Saturday, September 16, 2017
By Paul Martin

by Tyler Durden
ZeroHedge.com
Sep 16, 2017

Equifax’s disclosure that hackers had absconded with the personal data of 143 million Americans after exploiting a vulnerability in the company’s cyber defenses that was largely the result of negligence has sent its shares spiraling 37% lower. And now, Bloomberg is warning that the shares of certain troubled lenders – which have already largely underperformed this year – may also be vulnerable as the fallout from the hack works its way through the US economy.

Consumers who’ve learned that their data were potentially compromised are rushing to freeze their credit, creating a major problem for lenders like Synchrony Financial and Alliance Data who specialize in retailer partnerships that offer store-branded credit cards – a once-lucrative business that has struggled as same-store sales and a flurry of bankruptcies have beset the retail sector.

“Equifax Inc.’s massive data breach could make an already tough market outlook even more daunting for the firms behind Gap Inc.’s and Ann Taylor’s store-branded credit cards.

Those retailers’ banking partners, including Synchrony Financial and Alliance Data Systems Corp., could see account originations fall off a cliff if consumers freeze their credit to protect themselves from fraud. Consumers have to take extra steps – including calling the credit bureau, going online or paying fees – to lift a block and get a new card.

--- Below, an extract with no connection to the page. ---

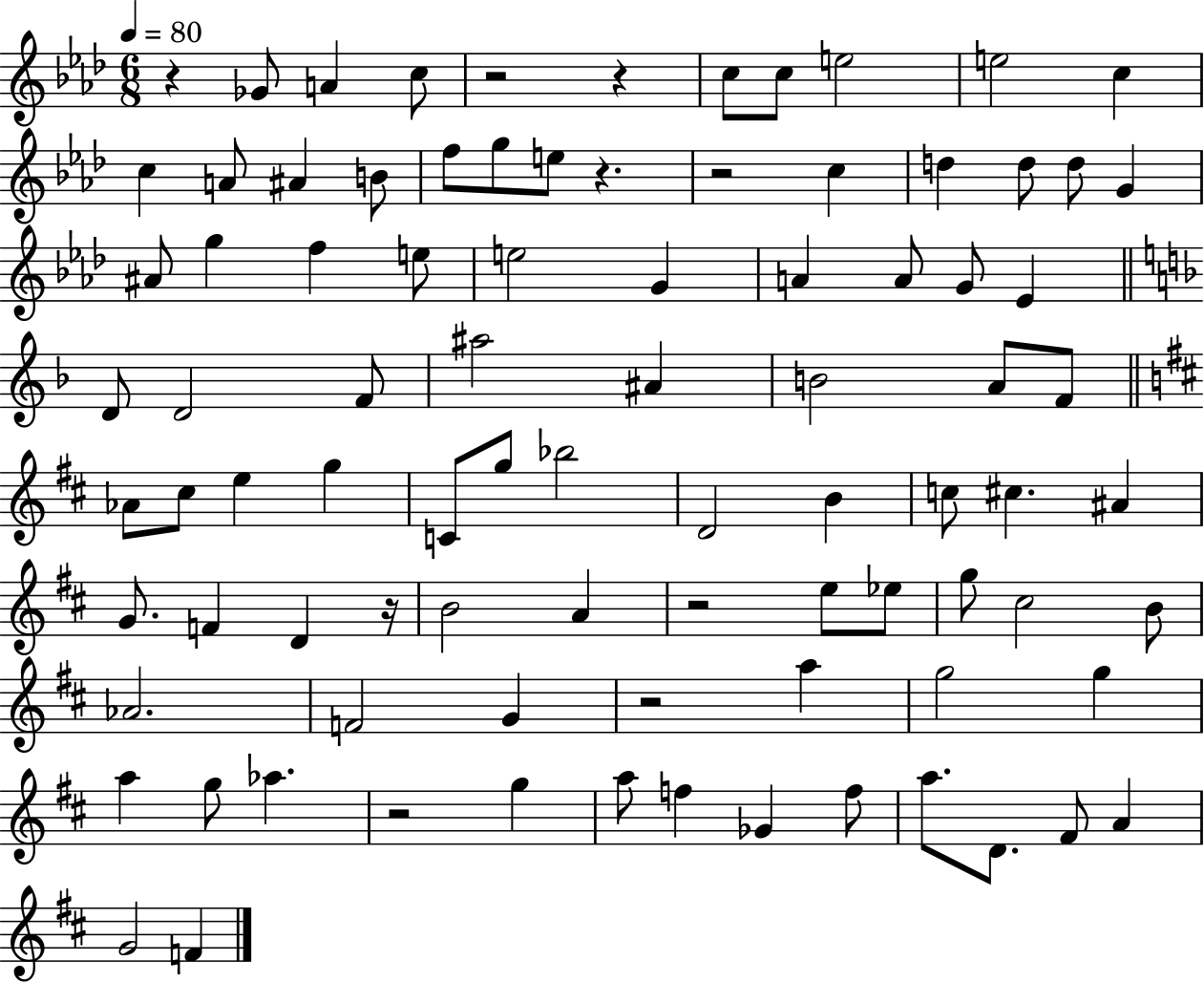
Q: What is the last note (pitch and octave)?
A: F4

“If people are defaulting to credit freezes, then if you’re a Macy’s retailer trying to sell credit cards, you can’t get that done at the point of sale,” said Vincent Caintic, an analyst at Stephens Inc.

“It could become a regular thing, these freezes. It does slow down the origination process and it’s probably going to increase acquisition costs.”

While the lenders declined to discuss any potential repercussions from the Equifax hack, the Bloomberg reporter noted that Synchrony has said it receives just 40% of its applications on the web – meaning its credit-card business is inextricably exposed to the many problems of America’s troubled retailers.